Segment Start: Dataset extract
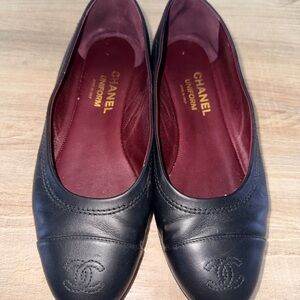 CHANEL Black Leather Ballet Flats with Burgundy Insole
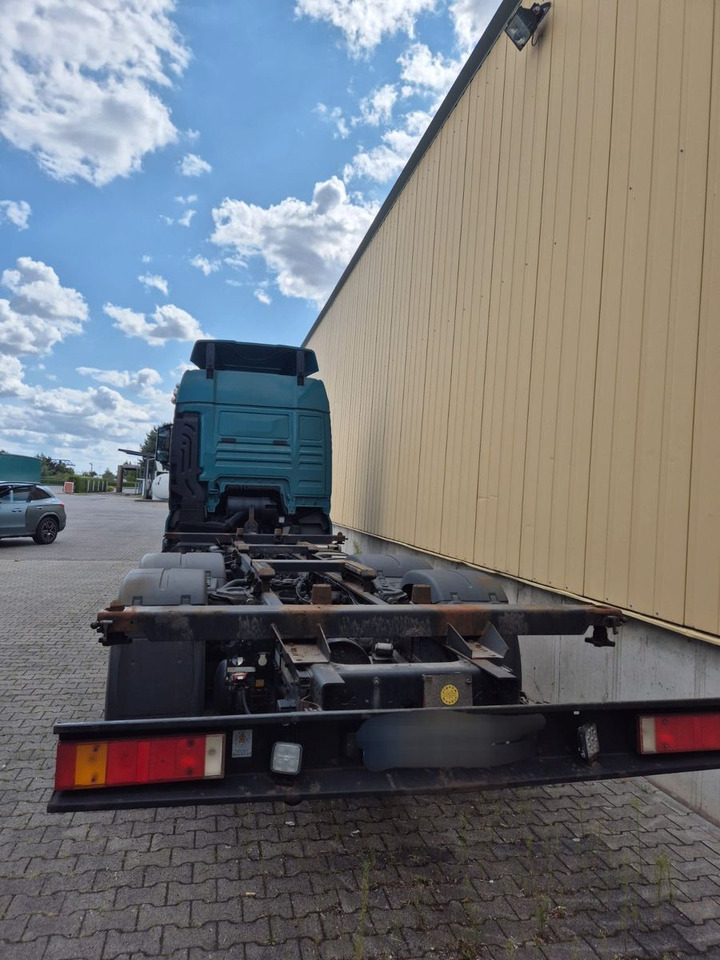 MAN TGX 26.460 Krone Wechsel - Brücke Lift / Luft - Шаси кабина: снимка 3 MAN TGX 26.460 Krone Wechsel - Brücke Lift / Luft - Шаси кабина: снимка 3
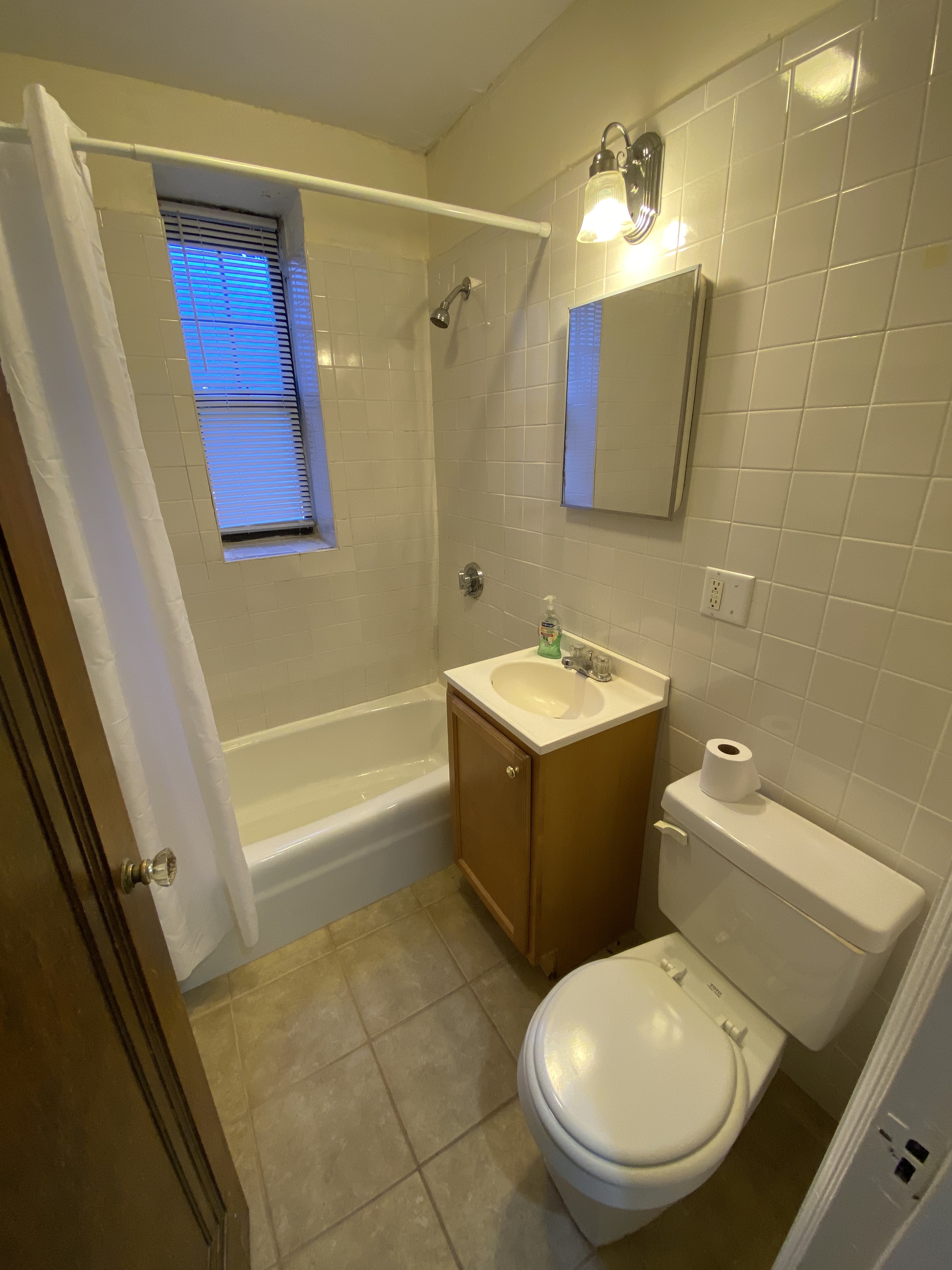 2 Elmwood Ave, Winchester Town Center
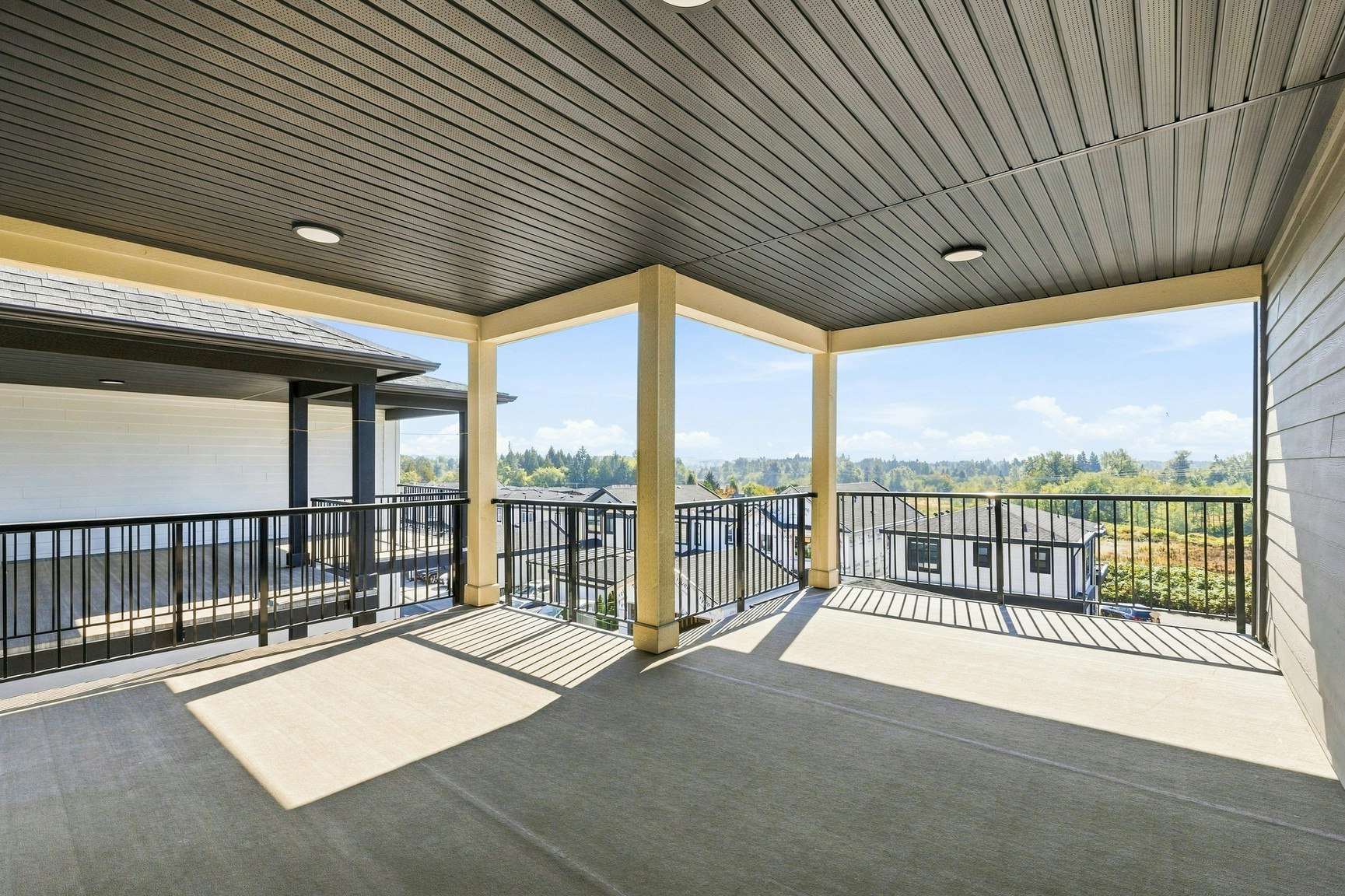 16694 16 Avenue, Surrey, BC, V3Z 9M4 - 18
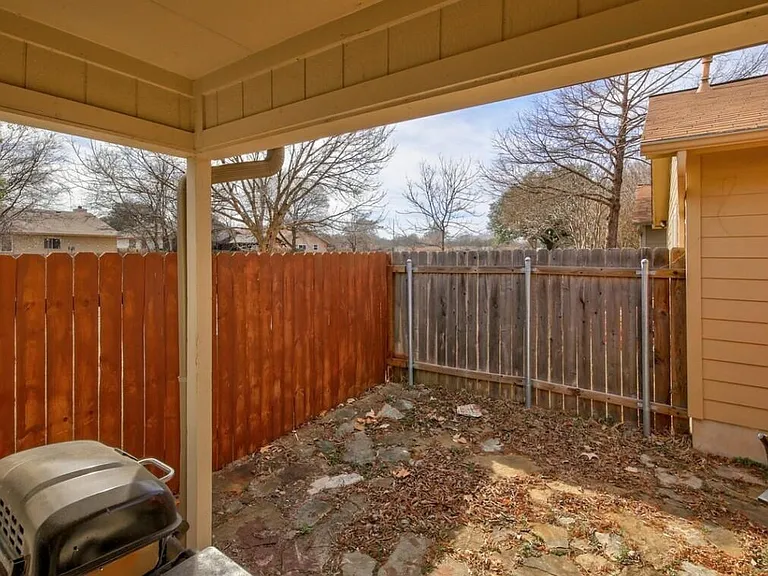 5947 Kevin Kelly Pl — Photo 20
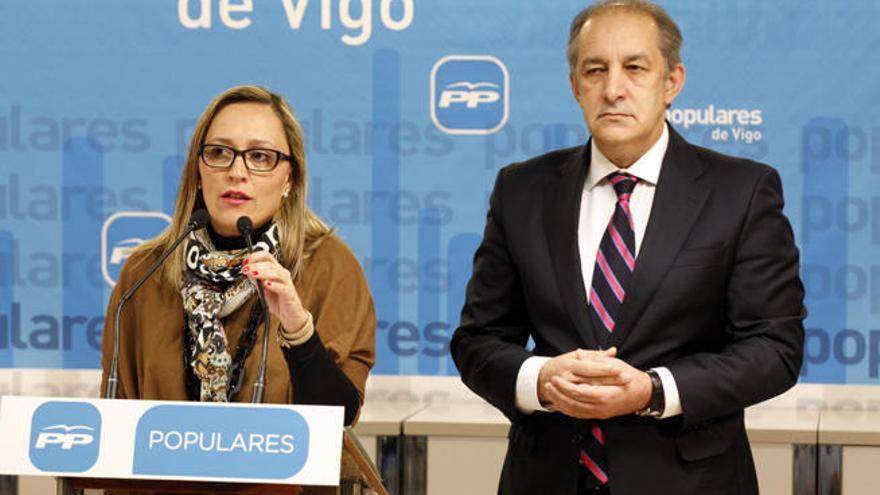 Elena Muñoz junto a José Manuel Figueroa en la sede del PP en Vigo // J. Lores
Segment End: Dataset extract
**What you need to do**
Print exactly the line containing "16694 16 Avenue, Surrey, BC, V3Z 9M4 - 18" and every line after it through the final line above, and leave all pictures out.

**Output for this task**
 16694 16 Avenue, Surrey, BC, V3Z 9M4 - 18
 5947 Kevin Kelly Pl — Photo 20
 Elena Muñoz junto a José Manuel Figueroa en la sede del PP en Vigo // J. Lores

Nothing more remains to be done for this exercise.